Supplied data START

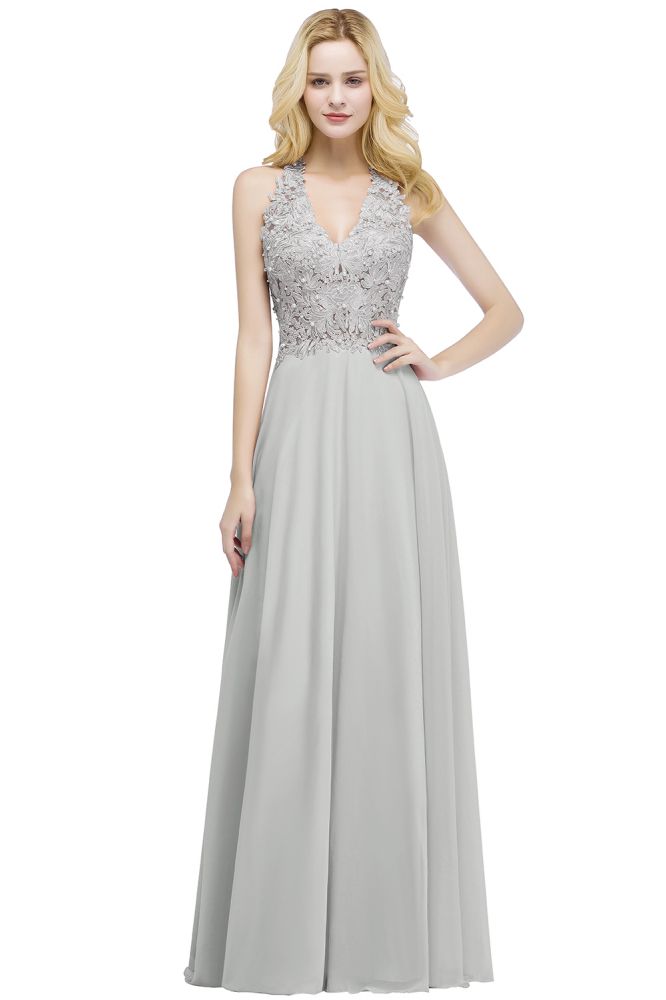 A-Linie V-Ausschnitt Applikationen Chiffon Abend Maxikleider Ärmelloses Brautjungfernkleid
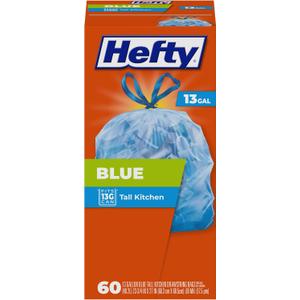 Hefty Blue Trash Bags, Blue, 13 Gallon, 60 Count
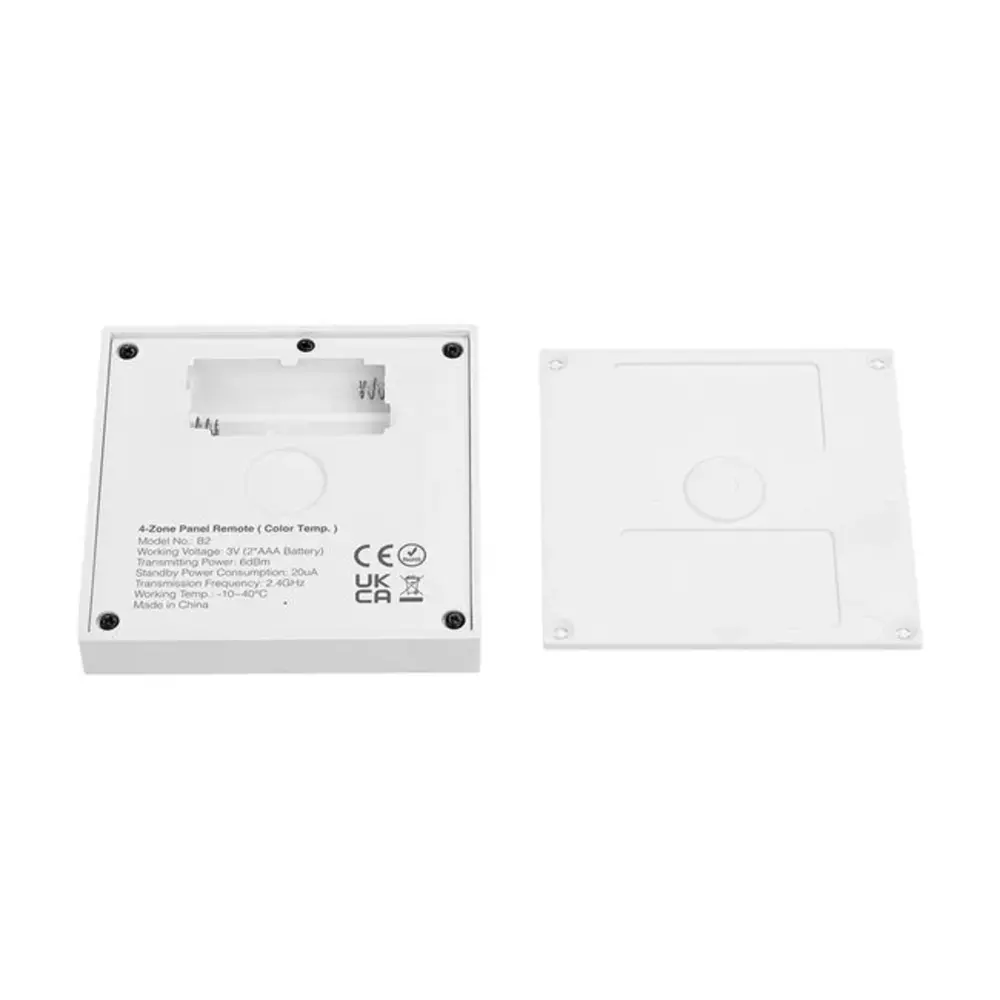 Mi-Light LED Wandbediening Miboxer - TW Tunable White Dual White - Wit Opbouw 86x86MM - 4 zones | RF 2.4Ghz - Lichtkleur bedienbaar en Dimbaar | Draadloos 3V AAA batterij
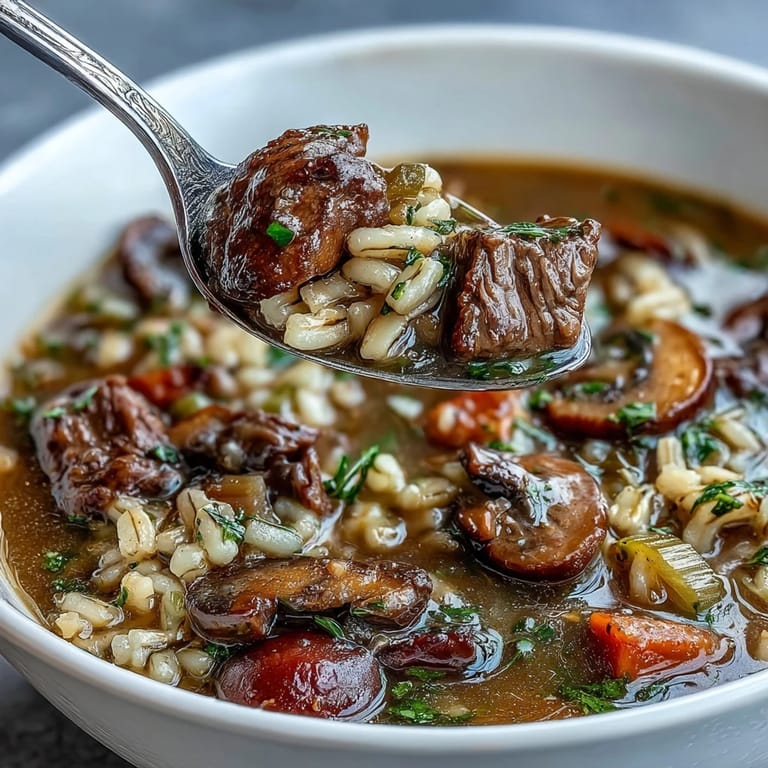 Tender beef, smoky pancetta, and earthy baby bella mushrooms simmer with nutty barley in this hearty American soup.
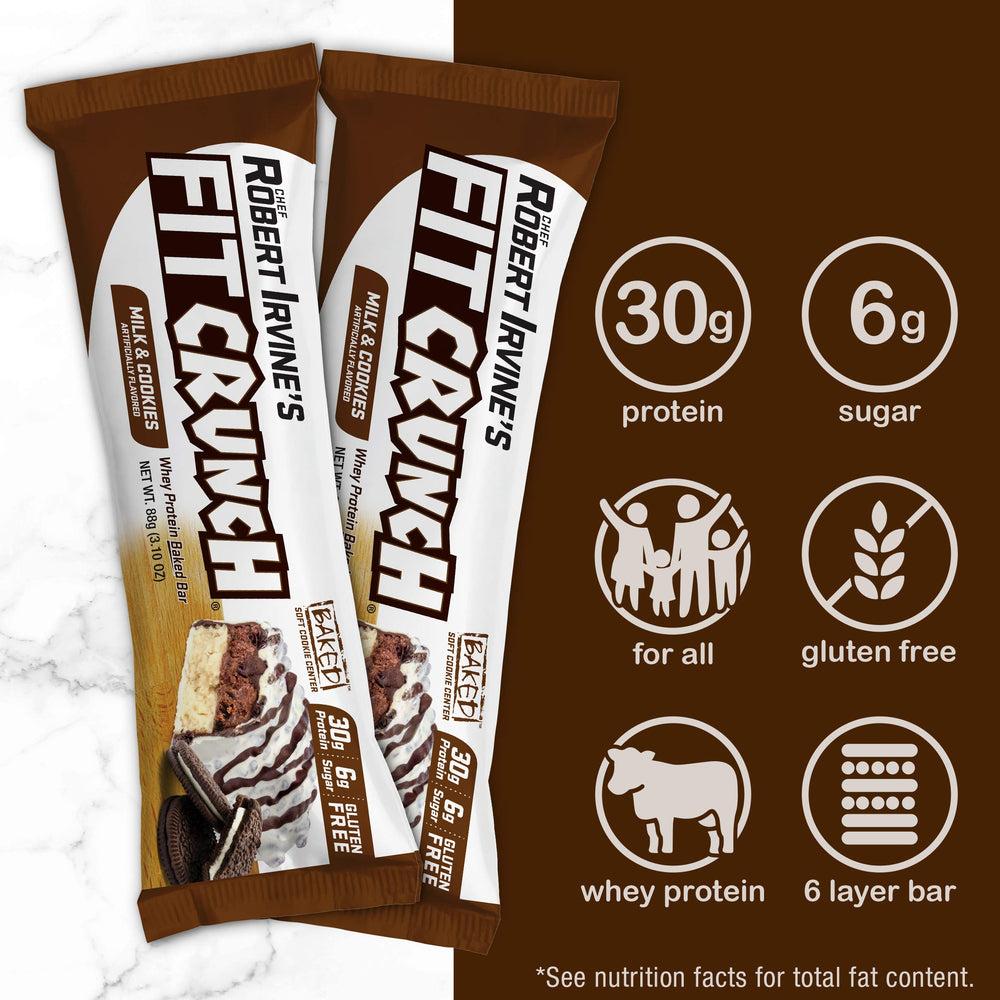 FITCRUNCH six-layer baked bar closeup highlights layered texture ideal for post-workout fueling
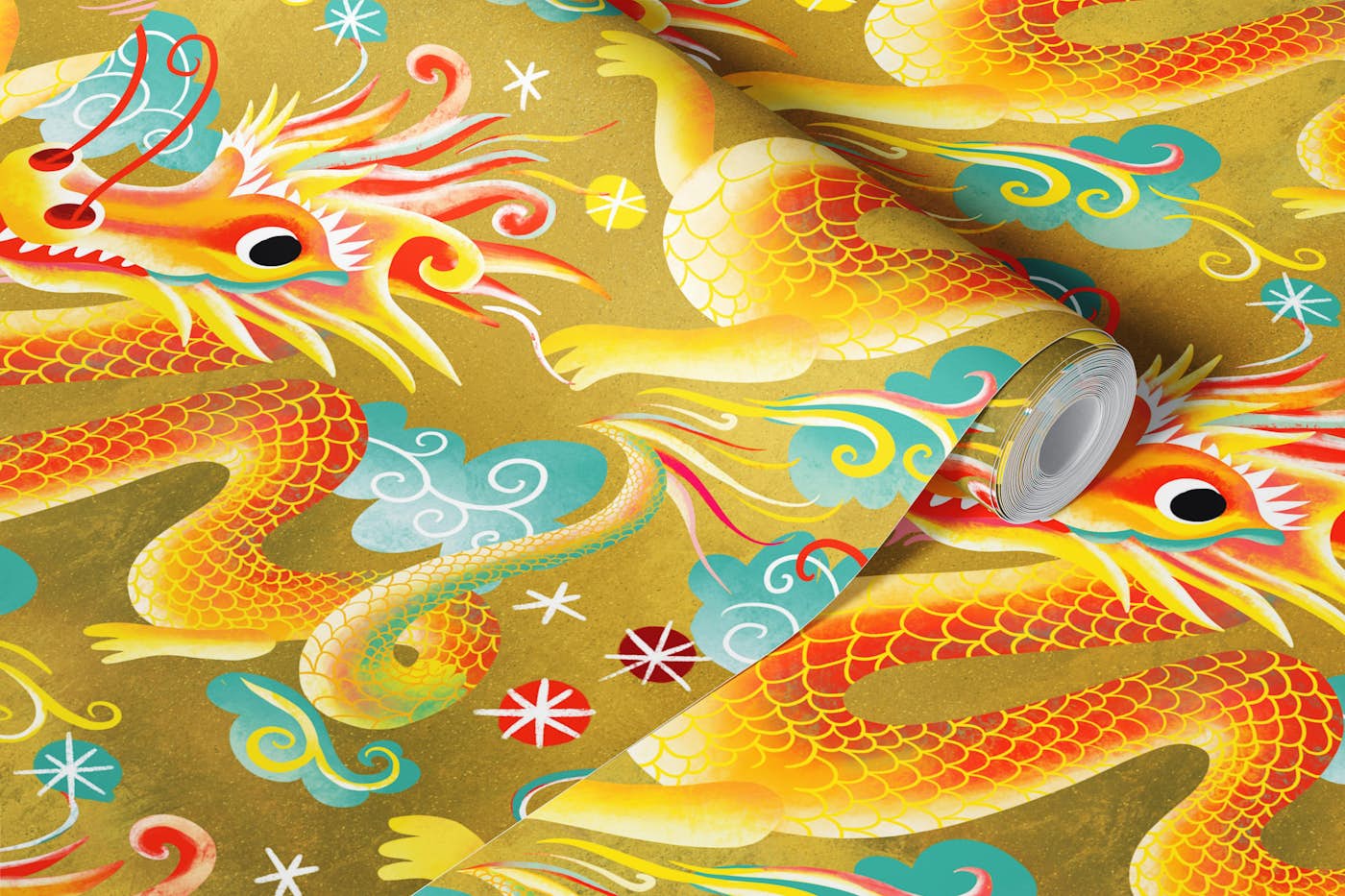 lunar year of the dragon gold wallpaper roll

Supplied data END

#### Work request:
All that should appear in the response is the run of lines from the one with "Tender beef, smoky" through the final line of the records, restated exactly, with pictures omitted.

#### Answer section:
 Tender beef, smoky pancetta, and earthy baby bella mushrooms simmer with nutty barley in this hearty American soup.
 FITCRUNCH six-layer baked bar closeup highlights layered texture ideal for post-workout fueling
 lunar year of the dragon gold wallpaper roll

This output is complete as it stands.